• Source information:
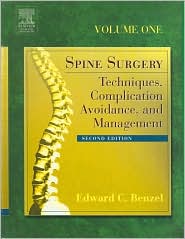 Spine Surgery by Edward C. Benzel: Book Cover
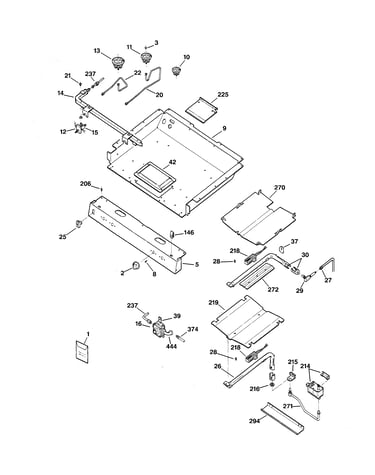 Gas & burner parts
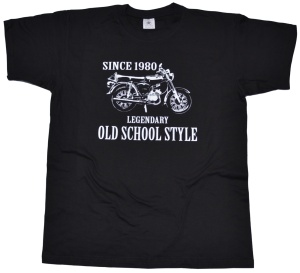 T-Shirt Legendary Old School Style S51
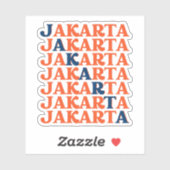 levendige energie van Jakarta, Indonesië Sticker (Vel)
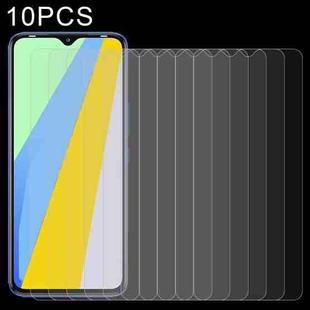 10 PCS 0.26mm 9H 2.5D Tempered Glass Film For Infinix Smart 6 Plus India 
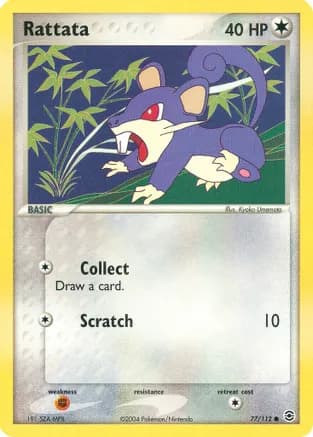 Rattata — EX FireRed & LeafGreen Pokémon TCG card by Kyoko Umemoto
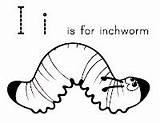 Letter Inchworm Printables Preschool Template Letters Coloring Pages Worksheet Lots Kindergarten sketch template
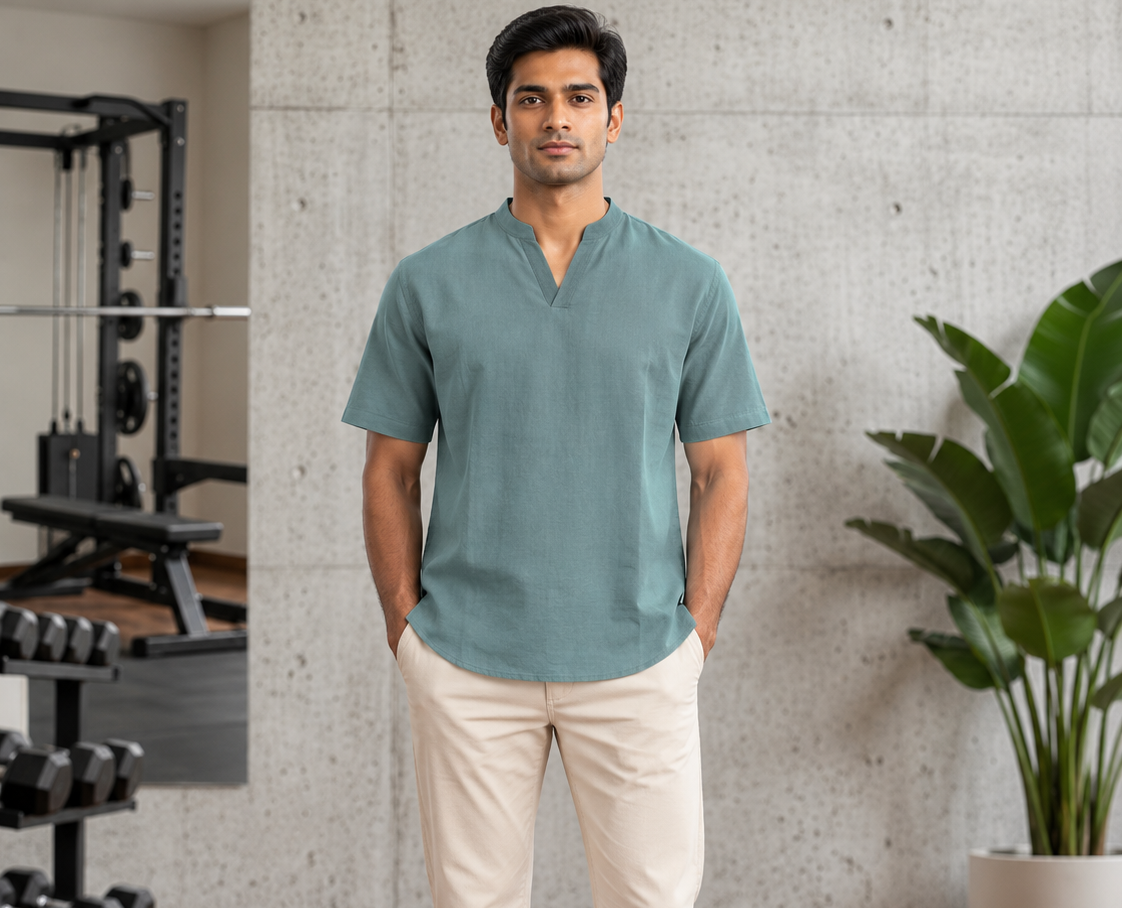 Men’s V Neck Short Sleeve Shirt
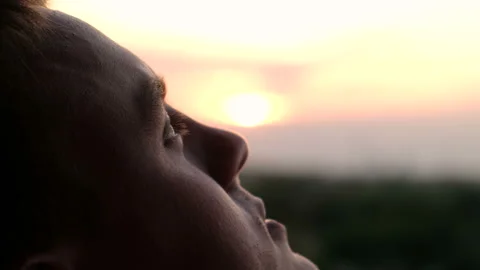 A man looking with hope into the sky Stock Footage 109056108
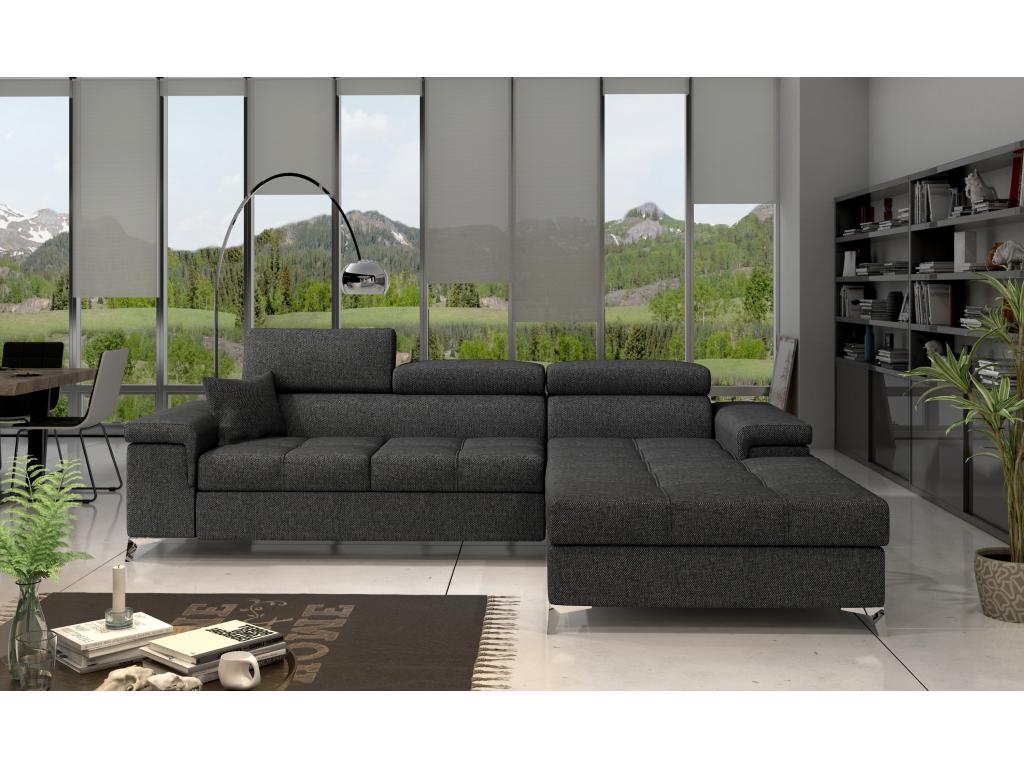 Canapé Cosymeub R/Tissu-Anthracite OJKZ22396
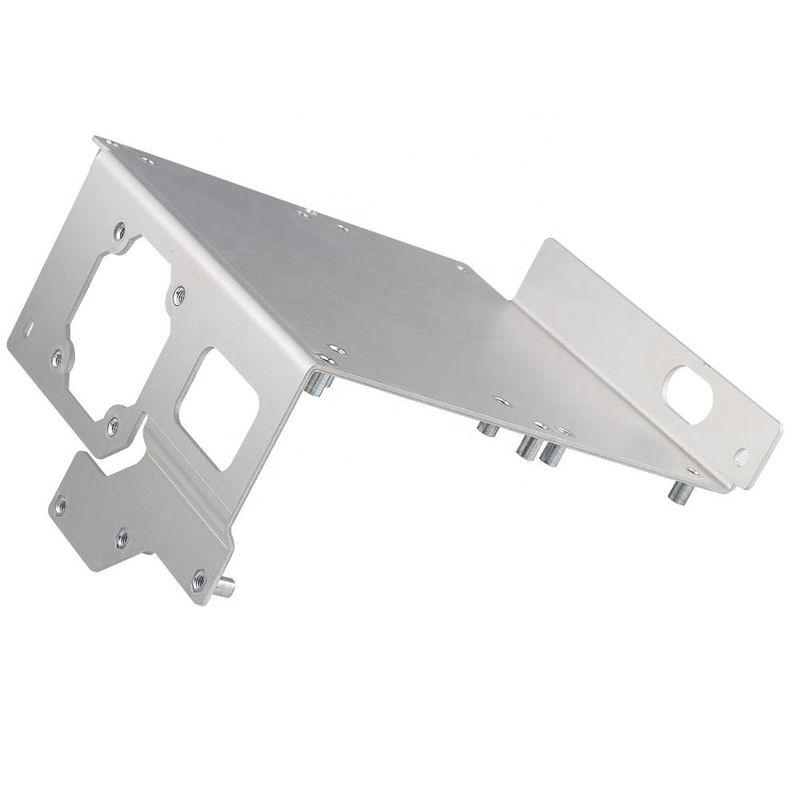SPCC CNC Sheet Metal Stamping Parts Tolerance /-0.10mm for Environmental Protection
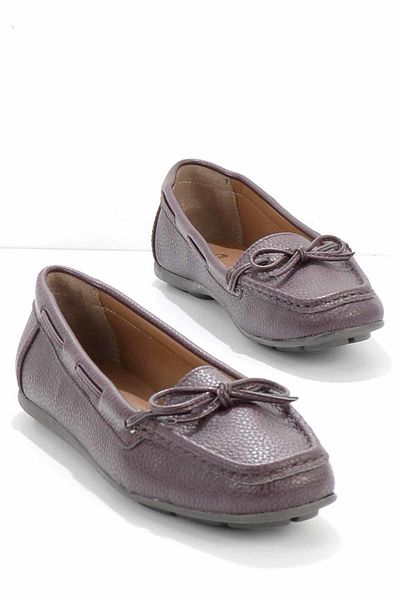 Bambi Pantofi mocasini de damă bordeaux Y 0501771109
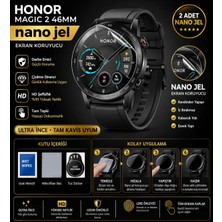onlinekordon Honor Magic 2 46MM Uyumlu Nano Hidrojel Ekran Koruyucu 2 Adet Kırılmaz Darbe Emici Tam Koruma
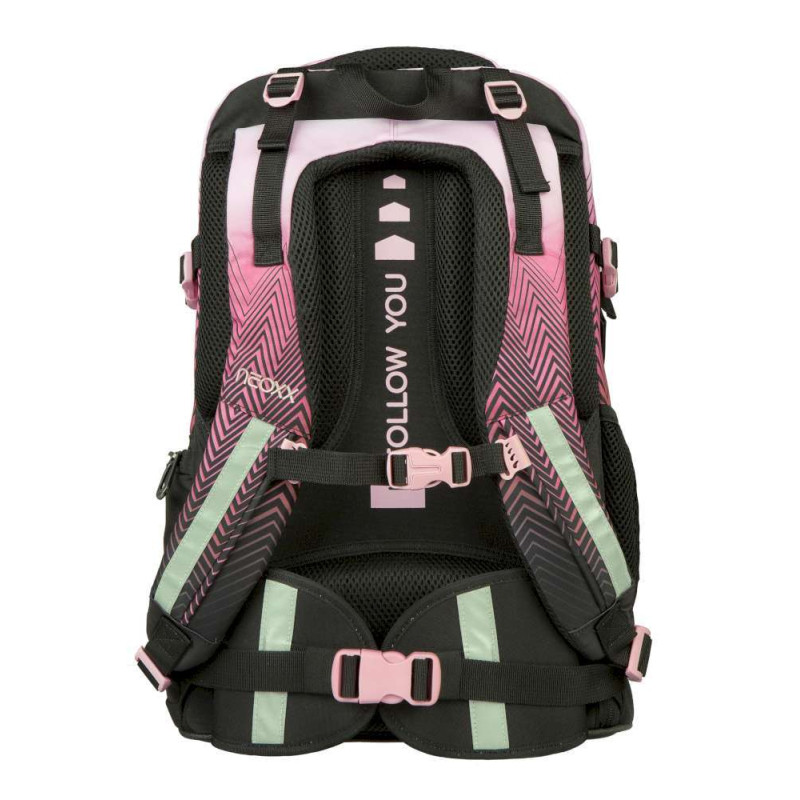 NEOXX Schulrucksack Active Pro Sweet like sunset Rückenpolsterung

• What the task asks: Could you write out the whole listing exactly, skipping every picture?

• Response to the task:
 Spine Surgery by Edward C. Benzel: Book Cover
 Gas & burner parts
 T-Shirt Legendary Old School Style S51
 levendige energie van Jakarta, Indonesië Sticker (Vel)
 10 PCS 0.26mm 9H 2.5D Tempered Glass Film For Infinix Smart 6 Plus India 
 Rattata — EX FireRed & LeafGreen Pokémon TCG card by Kyoko Umemoto
 Letter Inchworm Printables Preschool Template Letters Coloring Pages Worksheet Lots Kindergarten sketch template
 Men’s V Neck Short Sleeve Shirt
 A man looking with hope into the sky Stock Footage 109056108
 Canapé Cosymeub R/Tissu-Anthracite OJKZ22396
SPCC CNC Sheet Metal Stamping Parts Tolerance /-0.10mm for Environmental Protection
 Bambi Pantofi mocasini de damă bordeaux Y 0501771109
onlinekordon Honor Magic 2 46MM Uyumlu Nano Hidrojel Ekran Koruyucu 2 Adet Kırılmaz Darbe Emici Tam Koruma
 NEOXX Schulrucksack Active Pro Sweet like sunset Rückenpolsterung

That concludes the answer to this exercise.